Preconcentration and determination of OPPs by the proposed method was compared with previous methods and the results are summarized in Table 4. The investigation revealed that no studies for simultaneous microextraction and determination of these analytes have been carried out so far. The present technique provides wide linear dynamic range and suitable detection limits in comparison with other methods. Moreover, extraction and desorption time for preconcentration of OPPs with this method is less than with the other methods (data is not in Table 4). The results show that LODs for the analyte determination is lower than in the previous works except for fenitronthion and diazinon by using air-assisted liquid–liquid microextraction/ GC-FPD [32] and for diazinon by using solid phase microextraction method/GC-Ms [12]. The linear dynamic range of more than two orders was also obtained by the proposed method, which is equal to or greater than by the other methods. Other advantages of the proposed method over the previous methods are relatively high enrichment factor and low sorbent consumption. However, one disadvantage of the method is higher relative standard deviations compared with most previous approaches, particularly solid-phase extraction coupled to GC methods (Table 4).

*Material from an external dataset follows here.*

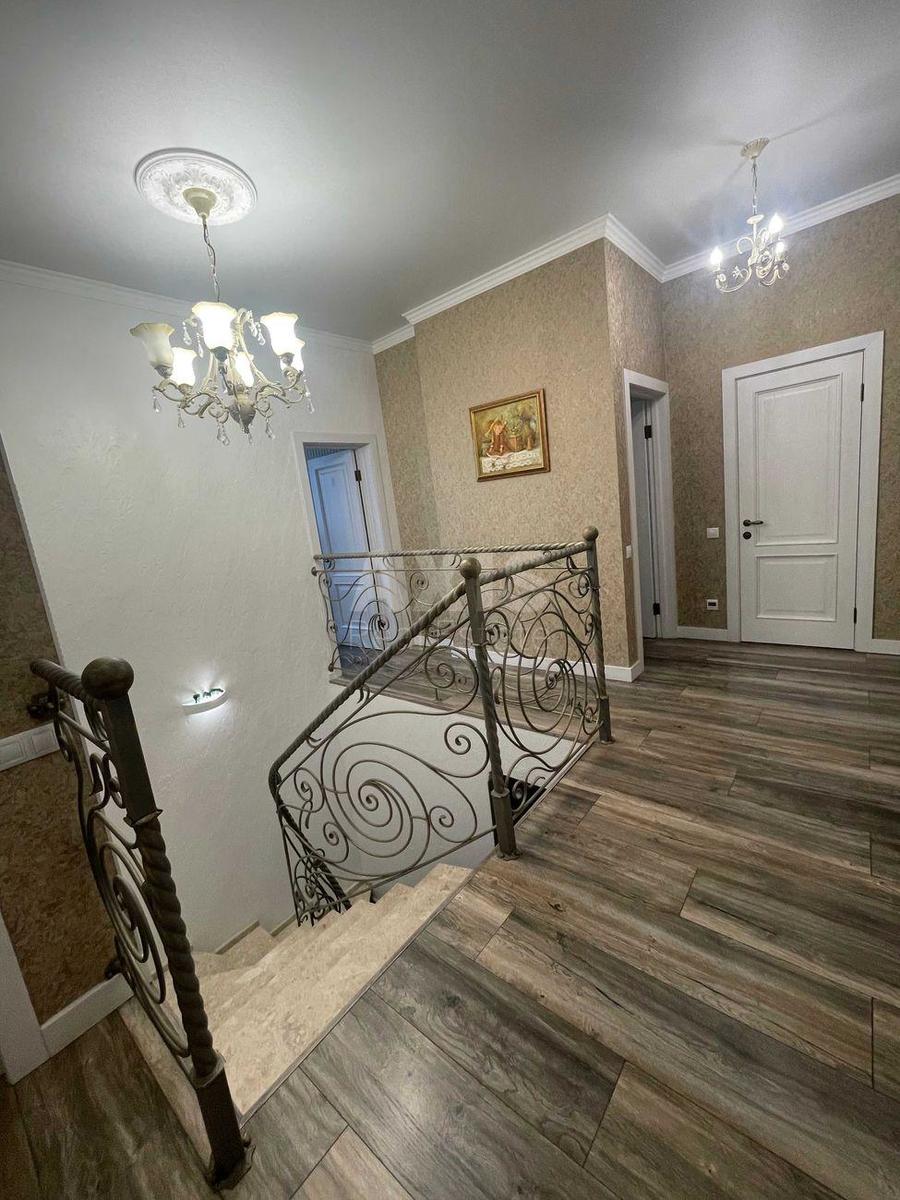 5k apartment vul. Demii'vs'ka 135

Table 4 Comparison of the proposed method with other reported methods for extraction and determination of organophosphorus pesticides

Conclusion

A new and efficient dispersive solid phase microextraction was developed as sample preparation for extraction of five organophosphorus pesticide compounds in real water samples prior to analysis by GC-MS. Effective factors in microextraction approach were thoroughly optimized. The new SPME sorbent, Zero valent Fe-reduced graphene oxide quantum dots, was synthesized and applied for extraction of OPPs. The performance of new sorbent was compared with magnetic graphene oxide and graphene oxide. The results indicate that the new sorbent is very suitable for extraction of these analytes. Advantages of this method are low LOD and short extraction time, simple operation, low sample solution and sorbent consumption, high preconcentration factor, and organic solvent free. In order to investigate the performance of the proposed method, several spiked real water and fruit juice samples were analyzed and the relative recoveries were obtained.